5. Employee agrees that, within the continental United States, he will
not, for a period of two (2) years following the termination of his employment,
enter into or engage in any business that competes with NPC's Business.
6. Employee agrees that, within the continental United States, he will
not, for a period of two (2) years following the termination of his employment,
solicit customers, clients, business, patronage, order for, or sell any services
in competition with NPC's Business.
7. Employee agrees that, within the continental United States, he will
not, for a period of two (2) years following the termination of this employment,
divert, entice, or otherwise take away any customers, clients, business or
orders from NPC or attempt to do so.
8. Employee agrees that, within the continental United States, he will
not, for a period of two (2) years following the termination of his employment,
promote or assist financially or otherwise, any person, firm, association,
partnership, corporation, or other entity engaged in any business that competes
with NPC's Business.
9. For the purpose of paragraphs 4 through 8, inclusive, Employee
understands and agrees that he will be competing if he engages in any or all of
the activities set forth therein directly as an individual on his own account,
or indirectly as a partner, joint venturer, employee, agent, salesman,
consultant, officer or a director of any firm or corporation, or as a
stockholder of any corporation in which Employee or Employee's spouse, child or
parent owns, directly or indirectly, individually or in the aggregate, more than
ten percent (10%) of the outstanding stock.

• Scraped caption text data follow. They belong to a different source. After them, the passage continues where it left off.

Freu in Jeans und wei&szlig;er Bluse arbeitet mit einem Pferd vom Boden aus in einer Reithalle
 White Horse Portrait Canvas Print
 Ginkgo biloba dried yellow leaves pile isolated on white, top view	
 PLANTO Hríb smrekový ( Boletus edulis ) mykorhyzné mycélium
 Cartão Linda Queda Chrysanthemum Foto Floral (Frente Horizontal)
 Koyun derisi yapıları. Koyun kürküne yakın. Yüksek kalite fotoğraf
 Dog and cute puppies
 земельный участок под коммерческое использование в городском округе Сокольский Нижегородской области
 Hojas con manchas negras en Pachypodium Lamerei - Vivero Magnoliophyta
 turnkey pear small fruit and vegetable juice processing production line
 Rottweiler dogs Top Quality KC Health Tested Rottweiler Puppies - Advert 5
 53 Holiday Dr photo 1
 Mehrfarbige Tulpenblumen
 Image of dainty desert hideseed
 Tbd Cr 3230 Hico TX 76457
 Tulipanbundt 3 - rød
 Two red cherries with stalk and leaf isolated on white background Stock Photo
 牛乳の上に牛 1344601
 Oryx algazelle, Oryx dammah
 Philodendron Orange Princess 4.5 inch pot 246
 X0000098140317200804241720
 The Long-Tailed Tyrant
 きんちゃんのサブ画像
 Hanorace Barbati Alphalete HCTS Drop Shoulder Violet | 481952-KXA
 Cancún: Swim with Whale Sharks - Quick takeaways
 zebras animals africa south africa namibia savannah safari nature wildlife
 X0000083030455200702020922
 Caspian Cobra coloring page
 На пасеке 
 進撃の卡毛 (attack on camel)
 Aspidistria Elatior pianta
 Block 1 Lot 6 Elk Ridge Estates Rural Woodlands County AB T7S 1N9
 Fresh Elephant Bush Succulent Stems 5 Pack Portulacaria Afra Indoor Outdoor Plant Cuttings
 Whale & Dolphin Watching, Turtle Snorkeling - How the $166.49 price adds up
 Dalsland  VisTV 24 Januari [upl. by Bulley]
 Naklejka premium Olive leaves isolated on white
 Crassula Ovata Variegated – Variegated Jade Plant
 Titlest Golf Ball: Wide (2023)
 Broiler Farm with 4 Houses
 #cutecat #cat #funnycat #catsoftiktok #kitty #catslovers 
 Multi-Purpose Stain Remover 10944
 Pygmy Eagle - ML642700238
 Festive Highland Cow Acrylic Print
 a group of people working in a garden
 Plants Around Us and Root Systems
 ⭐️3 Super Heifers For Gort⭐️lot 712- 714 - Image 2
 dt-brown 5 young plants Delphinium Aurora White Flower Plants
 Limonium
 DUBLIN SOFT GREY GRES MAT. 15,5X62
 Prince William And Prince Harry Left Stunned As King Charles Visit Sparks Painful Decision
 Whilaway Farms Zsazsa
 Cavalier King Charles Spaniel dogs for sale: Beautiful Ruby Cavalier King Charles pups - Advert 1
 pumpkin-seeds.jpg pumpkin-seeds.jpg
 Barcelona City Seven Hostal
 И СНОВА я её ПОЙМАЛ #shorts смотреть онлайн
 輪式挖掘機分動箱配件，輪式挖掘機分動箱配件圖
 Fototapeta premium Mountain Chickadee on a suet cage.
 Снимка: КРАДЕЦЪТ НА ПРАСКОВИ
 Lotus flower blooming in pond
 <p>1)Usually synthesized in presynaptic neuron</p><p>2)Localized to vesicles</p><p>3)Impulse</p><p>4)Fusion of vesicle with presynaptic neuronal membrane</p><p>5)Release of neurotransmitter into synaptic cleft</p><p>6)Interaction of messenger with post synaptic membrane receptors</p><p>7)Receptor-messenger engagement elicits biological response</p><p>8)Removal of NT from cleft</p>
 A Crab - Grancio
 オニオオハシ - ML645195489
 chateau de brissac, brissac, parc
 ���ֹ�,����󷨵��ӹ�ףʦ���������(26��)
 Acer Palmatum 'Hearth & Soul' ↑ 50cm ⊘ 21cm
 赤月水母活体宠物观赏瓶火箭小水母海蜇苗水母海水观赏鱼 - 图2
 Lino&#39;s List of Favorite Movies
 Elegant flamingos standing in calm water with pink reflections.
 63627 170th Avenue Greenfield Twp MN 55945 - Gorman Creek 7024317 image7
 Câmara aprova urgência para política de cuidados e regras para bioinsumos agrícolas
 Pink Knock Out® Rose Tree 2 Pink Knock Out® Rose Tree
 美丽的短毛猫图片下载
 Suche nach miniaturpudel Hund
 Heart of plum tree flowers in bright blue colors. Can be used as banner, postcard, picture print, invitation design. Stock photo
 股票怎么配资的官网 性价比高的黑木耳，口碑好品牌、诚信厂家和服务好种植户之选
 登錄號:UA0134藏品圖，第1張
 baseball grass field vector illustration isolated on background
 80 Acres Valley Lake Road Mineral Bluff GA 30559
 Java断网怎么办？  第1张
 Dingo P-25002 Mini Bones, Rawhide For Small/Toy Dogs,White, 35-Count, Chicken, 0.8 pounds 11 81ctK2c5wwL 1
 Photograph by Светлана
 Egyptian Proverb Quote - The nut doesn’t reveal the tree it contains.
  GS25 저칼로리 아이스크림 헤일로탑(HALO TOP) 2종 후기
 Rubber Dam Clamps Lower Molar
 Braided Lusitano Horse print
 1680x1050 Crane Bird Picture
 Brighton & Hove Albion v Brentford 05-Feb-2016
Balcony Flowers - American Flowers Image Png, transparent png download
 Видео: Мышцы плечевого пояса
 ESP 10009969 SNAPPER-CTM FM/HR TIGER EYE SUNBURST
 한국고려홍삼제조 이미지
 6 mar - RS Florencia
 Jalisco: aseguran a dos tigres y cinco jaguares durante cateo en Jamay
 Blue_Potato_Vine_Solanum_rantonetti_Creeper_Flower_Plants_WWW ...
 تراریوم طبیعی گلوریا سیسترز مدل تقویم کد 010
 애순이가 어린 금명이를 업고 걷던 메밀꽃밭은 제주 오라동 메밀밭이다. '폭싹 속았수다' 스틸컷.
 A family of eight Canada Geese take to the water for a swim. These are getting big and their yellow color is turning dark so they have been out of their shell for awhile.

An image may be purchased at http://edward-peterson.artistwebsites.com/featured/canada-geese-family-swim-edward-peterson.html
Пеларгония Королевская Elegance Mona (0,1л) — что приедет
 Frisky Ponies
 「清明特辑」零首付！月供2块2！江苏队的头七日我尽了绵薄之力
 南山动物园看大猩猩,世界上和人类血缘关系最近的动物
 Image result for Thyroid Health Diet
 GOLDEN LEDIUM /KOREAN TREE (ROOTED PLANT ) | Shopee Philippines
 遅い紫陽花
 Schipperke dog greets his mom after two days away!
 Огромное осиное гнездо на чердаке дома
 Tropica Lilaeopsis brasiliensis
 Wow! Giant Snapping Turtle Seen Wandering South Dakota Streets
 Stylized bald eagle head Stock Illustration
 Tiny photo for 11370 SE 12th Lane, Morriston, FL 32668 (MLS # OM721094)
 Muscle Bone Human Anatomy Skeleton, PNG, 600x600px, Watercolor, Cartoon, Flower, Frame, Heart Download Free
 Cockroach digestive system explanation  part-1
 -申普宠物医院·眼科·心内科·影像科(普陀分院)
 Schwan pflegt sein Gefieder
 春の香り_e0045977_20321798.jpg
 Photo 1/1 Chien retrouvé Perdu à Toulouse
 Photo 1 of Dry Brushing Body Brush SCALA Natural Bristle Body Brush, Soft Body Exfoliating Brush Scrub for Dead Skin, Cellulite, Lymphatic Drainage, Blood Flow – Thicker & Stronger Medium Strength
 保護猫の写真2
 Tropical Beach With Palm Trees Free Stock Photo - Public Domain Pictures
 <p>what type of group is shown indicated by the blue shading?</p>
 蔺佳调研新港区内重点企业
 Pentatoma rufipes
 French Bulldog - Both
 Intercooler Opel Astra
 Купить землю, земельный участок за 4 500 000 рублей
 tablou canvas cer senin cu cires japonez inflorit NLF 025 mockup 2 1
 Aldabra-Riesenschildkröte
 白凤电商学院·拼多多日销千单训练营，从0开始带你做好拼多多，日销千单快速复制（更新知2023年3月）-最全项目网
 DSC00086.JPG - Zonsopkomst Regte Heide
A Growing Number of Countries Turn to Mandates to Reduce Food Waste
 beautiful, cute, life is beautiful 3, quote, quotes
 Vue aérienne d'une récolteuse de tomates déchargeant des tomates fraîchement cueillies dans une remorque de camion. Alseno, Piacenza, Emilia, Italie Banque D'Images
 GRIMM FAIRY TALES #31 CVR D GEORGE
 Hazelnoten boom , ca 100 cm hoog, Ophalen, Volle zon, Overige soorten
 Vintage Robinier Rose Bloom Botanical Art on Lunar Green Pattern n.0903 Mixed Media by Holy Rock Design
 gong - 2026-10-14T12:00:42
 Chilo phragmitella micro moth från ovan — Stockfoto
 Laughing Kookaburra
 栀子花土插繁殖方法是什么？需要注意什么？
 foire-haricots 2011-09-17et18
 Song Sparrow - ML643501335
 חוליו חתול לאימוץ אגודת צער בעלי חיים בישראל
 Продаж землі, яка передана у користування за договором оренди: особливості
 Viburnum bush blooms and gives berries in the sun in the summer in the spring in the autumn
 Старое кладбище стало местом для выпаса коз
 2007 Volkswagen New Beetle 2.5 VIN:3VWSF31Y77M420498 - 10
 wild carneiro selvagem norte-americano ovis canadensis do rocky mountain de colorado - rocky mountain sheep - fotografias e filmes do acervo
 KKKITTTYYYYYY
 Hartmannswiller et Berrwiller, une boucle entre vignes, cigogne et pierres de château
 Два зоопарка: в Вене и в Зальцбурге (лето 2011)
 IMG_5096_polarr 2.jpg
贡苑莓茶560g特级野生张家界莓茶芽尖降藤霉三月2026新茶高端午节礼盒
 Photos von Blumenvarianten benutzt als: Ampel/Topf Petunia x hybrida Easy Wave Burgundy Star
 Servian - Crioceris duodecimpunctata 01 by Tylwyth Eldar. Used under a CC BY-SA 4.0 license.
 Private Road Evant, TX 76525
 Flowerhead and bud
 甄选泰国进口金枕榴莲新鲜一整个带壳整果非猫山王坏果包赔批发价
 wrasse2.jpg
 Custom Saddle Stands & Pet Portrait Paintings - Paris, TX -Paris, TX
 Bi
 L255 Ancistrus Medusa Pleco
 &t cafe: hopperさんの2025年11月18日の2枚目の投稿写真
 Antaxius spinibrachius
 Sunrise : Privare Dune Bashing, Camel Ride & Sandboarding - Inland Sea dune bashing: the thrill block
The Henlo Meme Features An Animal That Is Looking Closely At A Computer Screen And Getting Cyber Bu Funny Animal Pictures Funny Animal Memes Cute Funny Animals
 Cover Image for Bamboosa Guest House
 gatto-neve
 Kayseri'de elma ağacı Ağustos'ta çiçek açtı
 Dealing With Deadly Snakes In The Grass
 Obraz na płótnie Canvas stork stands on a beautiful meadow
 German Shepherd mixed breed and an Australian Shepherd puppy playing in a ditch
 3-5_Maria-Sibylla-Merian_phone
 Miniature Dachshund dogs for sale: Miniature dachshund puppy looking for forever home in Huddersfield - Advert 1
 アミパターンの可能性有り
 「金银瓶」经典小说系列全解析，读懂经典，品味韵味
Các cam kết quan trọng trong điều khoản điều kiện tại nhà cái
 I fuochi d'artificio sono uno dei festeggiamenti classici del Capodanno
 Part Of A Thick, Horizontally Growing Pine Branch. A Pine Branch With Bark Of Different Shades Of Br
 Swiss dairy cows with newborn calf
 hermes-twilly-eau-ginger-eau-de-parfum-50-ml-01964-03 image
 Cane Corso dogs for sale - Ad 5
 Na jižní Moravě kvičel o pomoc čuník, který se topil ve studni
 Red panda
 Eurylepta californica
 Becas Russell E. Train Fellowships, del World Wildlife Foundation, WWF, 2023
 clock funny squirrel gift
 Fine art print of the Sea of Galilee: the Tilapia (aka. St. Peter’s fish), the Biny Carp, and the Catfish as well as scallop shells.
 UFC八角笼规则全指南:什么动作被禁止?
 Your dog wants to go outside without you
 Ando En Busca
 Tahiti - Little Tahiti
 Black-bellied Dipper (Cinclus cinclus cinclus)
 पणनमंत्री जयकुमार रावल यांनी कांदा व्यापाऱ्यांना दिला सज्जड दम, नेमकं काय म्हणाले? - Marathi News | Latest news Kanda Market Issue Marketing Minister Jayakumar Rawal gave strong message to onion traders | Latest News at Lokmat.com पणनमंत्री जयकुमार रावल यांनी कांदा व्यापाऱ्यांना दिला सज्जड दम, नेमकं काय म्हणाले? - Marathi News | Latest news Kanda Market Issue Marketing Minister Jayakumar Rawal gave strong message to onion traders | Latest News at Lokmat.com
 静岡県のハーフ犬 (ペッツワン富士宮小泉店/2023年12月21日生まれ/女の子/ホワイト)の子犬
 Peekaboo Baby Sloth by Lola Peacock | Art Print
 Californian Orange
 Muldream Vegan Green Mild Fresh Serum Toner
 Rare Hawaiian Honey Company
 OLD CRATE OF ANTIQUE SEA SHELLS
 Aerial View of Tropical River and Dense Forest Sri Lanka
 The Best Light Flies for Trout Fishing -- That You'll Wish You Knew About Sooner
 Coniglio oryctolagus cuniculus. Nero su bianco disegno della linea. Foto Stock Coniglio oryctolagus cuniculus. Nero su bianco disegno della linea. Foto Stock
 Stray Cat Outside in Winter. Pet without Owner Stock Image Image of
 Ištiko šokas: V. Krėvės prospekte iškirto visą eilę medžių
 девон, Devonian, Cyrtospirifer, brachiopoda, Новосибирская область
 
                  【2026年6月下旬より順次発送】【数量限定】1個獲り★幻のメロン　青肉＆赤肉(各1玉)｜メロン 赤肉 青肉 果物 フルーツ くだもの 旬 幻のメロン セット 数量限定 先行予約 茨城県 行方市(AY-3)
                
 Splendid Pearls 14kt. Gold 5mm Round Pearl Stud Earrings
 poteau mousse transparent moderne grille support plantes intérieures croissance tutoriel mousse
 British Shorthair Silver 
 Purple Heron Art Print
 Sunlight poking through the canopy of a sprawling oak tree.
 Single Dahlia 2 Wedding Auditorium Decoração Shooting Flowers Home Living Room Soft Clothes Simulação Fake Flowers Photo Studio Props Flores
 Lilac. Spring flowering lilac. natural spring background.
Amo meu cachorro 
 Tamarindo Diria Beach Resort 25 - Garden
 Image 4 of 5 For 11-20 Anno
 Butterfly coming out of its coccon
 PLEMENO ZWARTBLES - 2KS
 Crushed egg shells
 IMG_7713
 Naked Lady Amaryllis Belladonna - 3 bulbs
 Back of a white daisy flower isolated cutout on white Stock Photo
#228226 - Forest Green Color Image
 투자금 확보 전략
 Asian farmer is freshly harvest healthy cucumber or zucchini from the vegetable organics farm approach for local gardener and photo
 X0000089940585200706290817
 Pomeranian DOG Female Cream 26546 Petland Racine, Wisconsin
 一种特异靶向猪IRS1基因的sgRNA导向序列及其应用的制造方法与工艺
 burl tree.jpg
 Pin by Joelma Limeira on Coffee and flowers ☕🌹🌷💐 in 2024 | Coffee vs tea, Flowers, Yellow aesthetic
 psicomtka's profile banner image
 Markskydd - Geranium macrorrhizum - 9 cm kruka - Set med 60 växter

10. For the purposes of paragraphs 4 through 8, inclusive, and 14, NPC's
Business is defined as follows:
Check Services: the guarantee, authorization and collection of
checks accepted at the point of sale.
Corporate payables: corporate accounts payable, processing and
payment, and related data processing.
Retail Lockbox Services: the receipt, processing and collection
of consumer payments being made to corporations for services
rendered.
Freight Services: the processing of freight accounts payable,
audit, and payment, and related data processing.
Imaging Services: data capture services utilizing off-shore
labor and image processing.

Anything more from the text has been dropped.